Your answer must be the exact lines of the listing below that run from the line with "teal gray soccer birthday party confetti" to the line with "Парные пазлы &laquo;Где", ends included, and no pictures.

# Source material
=== Section Start ===

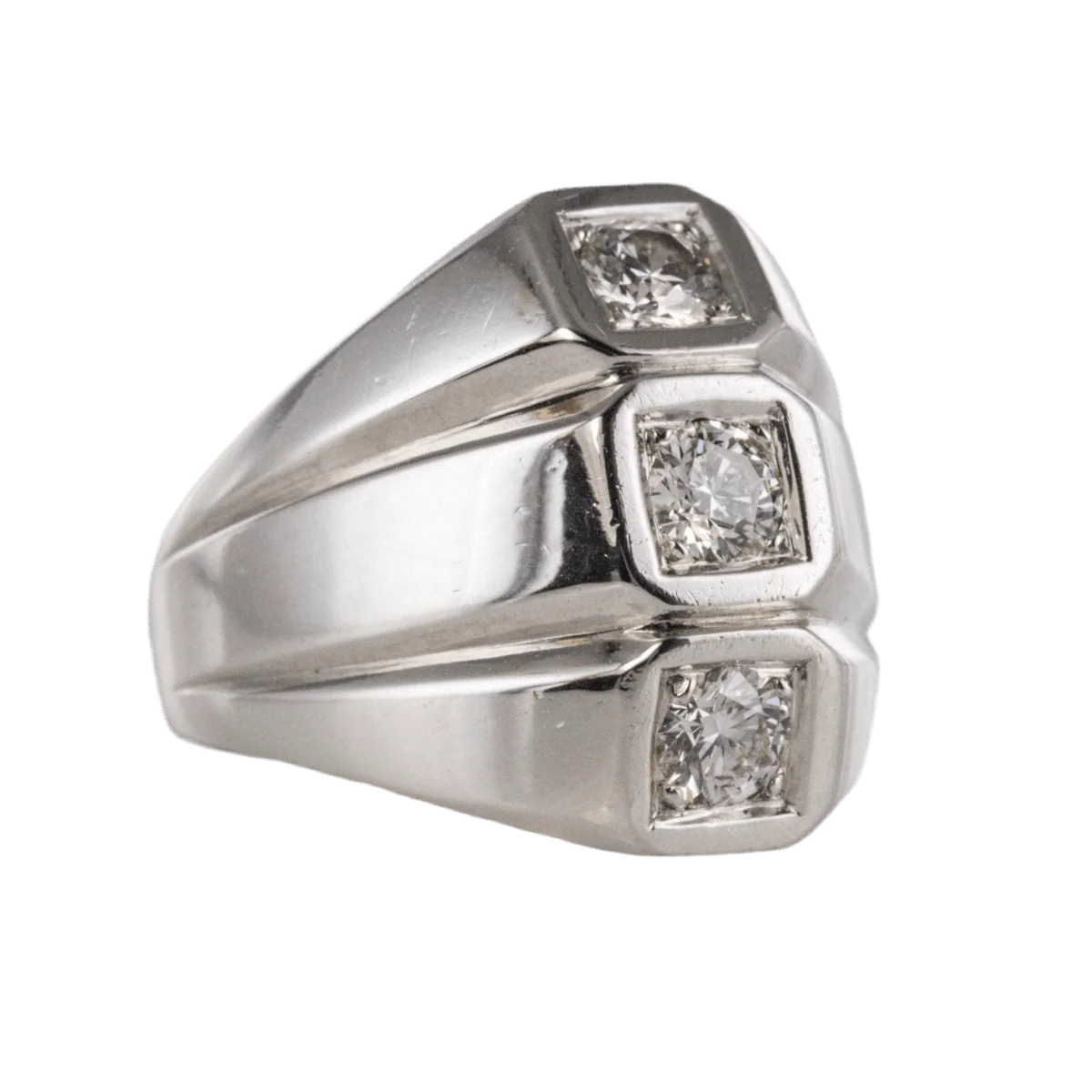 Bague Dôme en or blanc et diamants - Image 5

=== Section End ===
=== Section Start ===

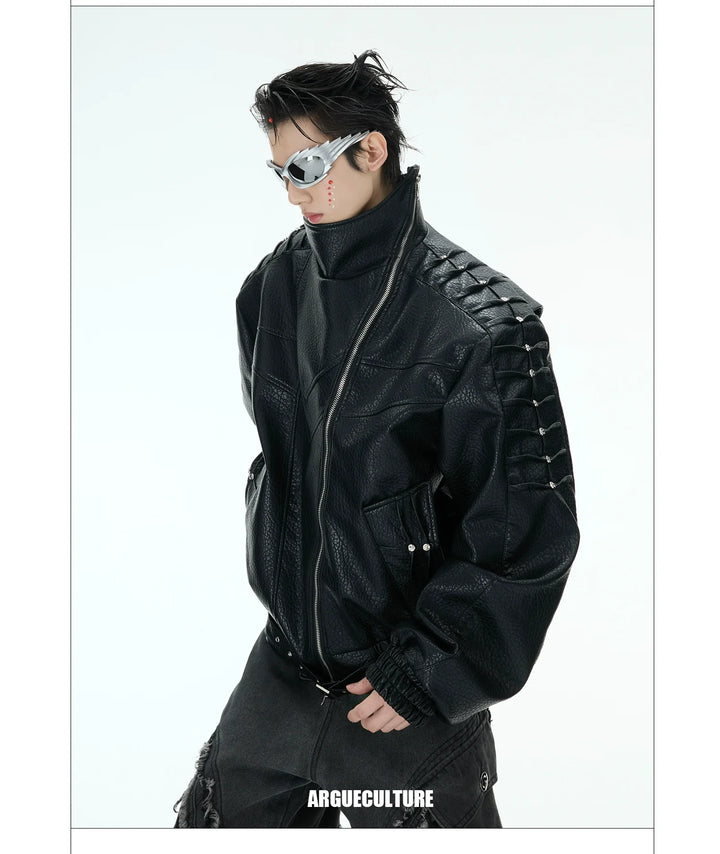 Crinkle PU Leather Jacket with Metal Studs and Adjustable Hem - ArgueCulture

=== Section End ===
=== Section Start ===

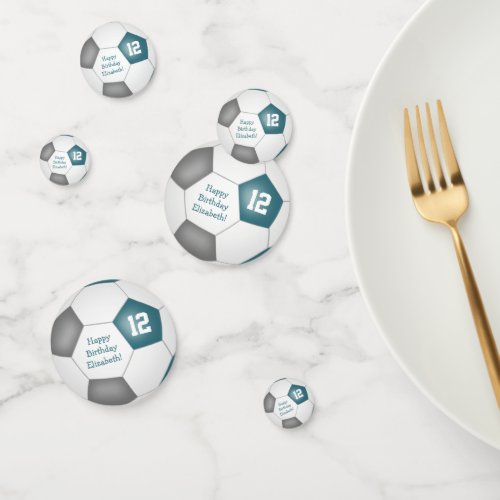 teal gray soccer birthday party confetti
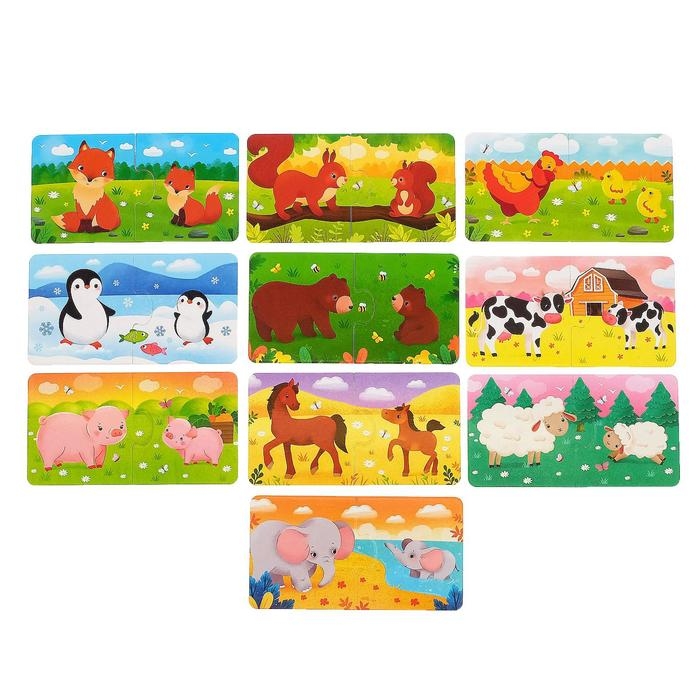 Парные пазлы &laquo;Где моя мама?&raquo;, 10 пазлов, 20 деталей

=== Section End ===

# Answer to the problem
 teal gray soccer birthday party confetti
 Парные пазлы &laquo;Где моя мама?&raquo;, 10 пазлов, 20 деталей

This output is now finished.